A bill of sale in the Record on Appeal shows that Plaintiff purchased the rights to some of Chase Bank's credit card accounts effective 23 February 2007. The bill of sale assigned to Plaintiff "all rights, title and interest of [Chase Bank] in and to those certain receivables, judgments or evidences of debt described in Exhibit 1 attached hereto and made part hereof for all purposes." Plaintiff alleges that it acquired the rights to Defendant's Visa account via this transaction. However, "Exhibit 1" is not included in the Record on Appeal, and the bill of sale makes no reference to Defendant's alleged Visa account.

Plaintiff filed a complaint on 9 November 2007 seeking to collect the amount owing, which was allegedly $6,287.96. Plaintiff attached to its complaint: 1) Chase Bank's invoice to Defendant; 2) the bill of sale allegedly acquiring the rights to Defendant's account; and 3) an "Affidavit of Indebtedness" executed on 16 August 2007 by Plaintiff's "Authorized Representative." The Affidavit of Indebtedness alleges that $6,196.64 was due and owing on Defendant's account. Defendant filed an answer pro se, indicating that he had sought a court date and intended to challenge the lawsuit.

Defendant has generally denied and sought proof of any account with Plaintiff or Chase Bank at every stage of this dispute. In the Record on Appeal is a letter from Defendant addressed to Plaintiff's counsel dated 24 October 2007 (prior to the filing of the complaint) stating:

In reference to your letter dated 25 Sept 2007. . . I am disputing the entire amount of $6,260.76. I do not know who you are or who Unifund CCR Partners are and I do not owe them any monies. Should you have a document with my signature on it stating that I owe them money please forward it to me so I can have my attorney examine it and decide what legal action needs to be taken.

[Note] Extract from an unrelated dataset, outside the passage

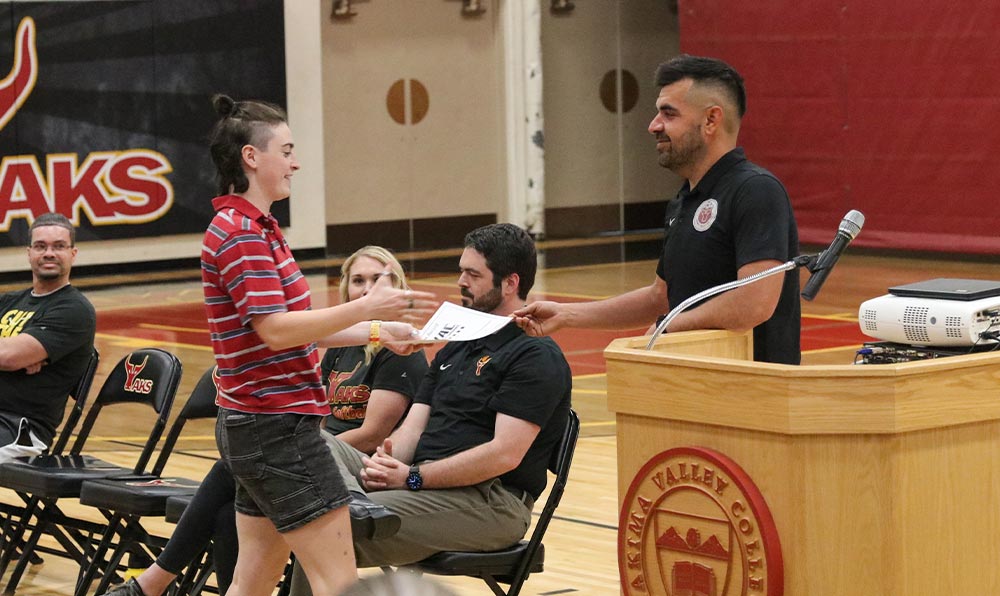 Student receives award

On 27 April 2008, Defendant sent another letter to Plaintiff's counsel specifically requesting "any documents that you have that has my signature stating that I either charged or borrowed money form (sic) them. This is the third request for this information I have submitted to you and the court." That letter was filed as a request for discovery in the trial court on 7 May 2008.

Plaintiff moved for summary judgment on 28 February 2008, and Defendant filed a cross-motion for summary judgment on 5 June 2008. The parties stipulate that on 9 June 2008, the trial court denied summary judgment to both parties, finding genuine issues of material fact.

Plaintiff served Requests for Admissions on Defendant on 3 September 2008. In part, Plaintiff requested Defendant to admit: 1) that Defendant received the benefit of the Visa credit card; 2) that Defendant received regular statements related to that credit card account; 3) that Defendant failed to dispute any charges related to the credit card account; 4) that Defendant last made a payment on the credit card account on 28 November 2004; and 5) that interest began accruing on the unpaid principal on 31 July 2005. Defendant filed responses on 12 September 2008, denying nearly every request for admission, and typically stating, "I have no records of any statements ever received for this account." After a hearing on 13 October 2008, the trial court granted summary judgment to Defendant in an order entered on 20 October 2008.

Plaintiff appeals from that judgment arguing the trial court erred because: (I) Defendant's unverified pleadings raised no genuine issues of material fact and Plaintiff was entitled to judgment as a matter of law; (II) Defendant's pleadings failed to raise the statute of limitations defense and Plaintiff filed its complaint within the three year limitations period; and (III) Plaintiff's Requests for Admissions should have been deemed admitted because Defendant's responses did not comply with Rule 36 of the North Carolina Rules of Civil Procedure.

I.

Plaintiff first contends that its proffered evidence (the "Affidavit of Indebtedness," the alleged invoice from Chase Bank to Defendant, and the bill of sale), combined with Defendant's failure to dispute the accuracy of the amount demanded on the invoice from Chase Bank, created an "account stated." We disagree.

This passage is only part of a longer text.